Replacing SQLite with a JSONL Journal for AI Agent Observability

Most AI agent tutorials reach for SQLite the moment they need persistence. I did too. Then I replaced it with a single append-only JSONL file, and the system got simpler, more debuggable, and easier to extend.

Here’s why, and what the tradeoffs look like.

The Problem with SQLite for Agent Logs

My agent originally used SQLite for conversation history — a messages table with columns for role, content, user_id, channel_id, and timestamp. Standard stuff. But as the agent grew, I needed to log more than just messages:

Session metadata — duration, tools used, outcome (success/error/budget limit)
System events — startup, shutdown, skipped sessions
Errors — with context and stack traces
Different session types — user-initiated chats vs. autonomous “perch” sessions

Each new category meant a new table or awkward column additions.
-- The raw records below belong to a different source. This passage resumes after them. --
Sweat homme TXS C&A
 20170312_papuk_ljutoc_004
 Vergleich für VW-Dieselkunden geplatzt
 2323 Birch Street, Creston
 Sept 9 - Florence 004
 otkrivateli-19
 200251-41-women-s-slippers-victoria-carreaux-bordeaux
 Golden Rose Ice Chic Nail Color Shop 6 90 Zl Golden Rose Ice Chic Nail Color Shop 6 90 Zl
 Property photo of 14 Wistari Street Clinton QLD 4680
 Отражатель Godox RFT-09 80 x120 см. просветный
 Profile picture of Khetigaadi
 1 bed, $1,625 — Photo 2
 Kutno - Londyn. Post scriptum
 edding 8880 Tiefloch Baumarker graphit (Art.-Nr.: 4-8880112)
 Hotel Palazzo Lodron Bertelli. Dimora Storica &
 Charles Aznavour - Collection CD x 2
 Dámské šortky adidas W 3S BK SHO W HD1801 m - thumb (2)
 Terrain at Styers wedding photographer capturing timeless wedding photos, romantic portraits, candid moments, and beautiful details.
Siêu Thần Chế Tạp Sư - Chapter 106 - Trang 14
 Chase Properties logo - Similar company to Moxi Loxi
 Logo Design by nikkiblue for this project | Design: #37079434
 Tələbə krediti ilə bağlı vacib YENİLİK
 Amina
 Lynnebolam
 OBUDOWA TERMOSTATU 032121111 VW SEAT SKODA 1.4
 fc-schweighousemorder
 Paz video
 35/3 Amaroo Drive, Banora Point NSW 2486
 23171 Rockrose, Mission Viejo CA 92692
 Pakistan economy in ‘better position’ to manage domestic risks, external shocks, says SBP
The schema kept shifting. And for what? I was never doing JOINs or complex queries. Every read was either “give me the last N entries” or “search for a keyword.”

The JSONL Alternative

A JSONL (JSON Lines) file is just one JSON object per line. The journal uses a discriminated union — every entry has a type field:

type JournalEntry =
  | MessageEntry    // user/assistant messages
  | SessionEntry    // chat or perch session summaries
  | EventEntry      // startup, shutdown, perch_skip
  | ErrorEntry      // critical errors with context
  | ThoughtEntry    // internal reasoning traces
  | LogMessageEntry // structured log output

Writing is a single appendFileSync call:

function appendJournalRaw(entry: JournalInput): void {
  const fullEntry = {
    ts: entry.ts || new Date().toISOString(),
    ...entry,
  };
  appendFileSync(JOURNAL_PATH, JSON.stringify(fullEntry) + "\n");
}

No connections, no migrations, no ORM. Adding a new entry type means adding a TypeScript interface. The file handles the rest.

Reading and Querying

The read path loads the file, parses each line, and filters:

function readJournal(options?: {
  type?: JournalEntryType;
  since?: string;
  limit?: number;
}): JournalEntry[] {
  const content = readFileSync(JOURNAL_PATH, "utf-8");
  const lines = content.trim().split("\n").filter(Boolean);
  
  let entries = lines
    .map(line => JSON.parse(line))
    .filter(entry => entry !== null);

  if (options?.type) entries = entries.filter(e => e.type === options.type);
  if (options?.since) entries = entries.filter(e => e.ts >= options.since);
  if (options?.limit) entries = entries.slice(-options.limit);

  return entries;
}

Yes, this reads the entire file on every query. For an agent that processes maybe a hundred messages a day, this is fine. The file grows at roughly 1-2 KB per interaction. After months of operation, it’s still well under the threshold where sequential scan matters.

Pretty-Printing as a Feature

One advantage of owning the write path: every journal entry gets tee’d to stdout with color-coded formatting. Messages show speaker names and content previews. Sessions show duration and tool counts. Errors are red. Debug entries are suppressed in production.

14:32:15 [Discord] Connected as Eka#1234
14:32:16 🚀 startup {"version":"1.0.0"}
14:33:01 💬 yen: What's left on the PR?
14:33:08 🤖 Eka: The CI check failed on the type...
14:33:08 ⚡ chat ✓ 7.2s | 3 tools

This replaced scattered console.log("[Discord] ...") calls throughout the codebase. Every component now calls log("Discord", "Connected", { level: "info" }), and the journal handles both persistence and display.

Conversation Triggers

One thing that’s hard to do in a flat messages table: tracking why a conversation happened. The journal includes a trigger field on messages and sessions:

type ConversationTrigger =
  | "discord_dm"      // User sent a message
  | "linear_webhook"  // Linear issue update
  | "github_webhook"  // GitHub event
  | "email_webhook"   // Inbound email
  | "perch_cron"      // Scheduled autonomous session
  | "scheduled_task"  // User-scheduled task
  | "queued_message"  // Message queued during busy period

This makes it trivial to answer “how many of my agent’s sessions were user-initiated vs. autonomous?” — just filter by trigger type.

The Tradeoffs

What you gain:

Zero-dependency persistence (just fs)
Schema changes are just new TypeScript interfaces
Human-readable log file you can tail -f or grep
Unified observability — one file for everything
Easy backup (it’s just a file)

What you lose:

No concurrent write safety (fine for single-process agents)
No indexing (fine for small-to-medium data volumes)
Read performance degrades linearly with file size
No transactions or rollback

When to stick with SQLite:

Multiple processes writing simultaneously
You need indexed queries on multiple columns
Data volume exceeds what fits comfortably in memory
You need to update or delete individual records

The Migration Path

If the journal outgrows JSONL, the migration path is straightforward: read each line, parse it, insert into whatever database you want. The structured types mean you’re not losing information — you’re just changing the storage backend. The TypeScript interfaces stay the same.

For most single-agent systems processing conversational volumes of data, JSONL is the right starting point. You can always add a database later. You can’t easily remove one.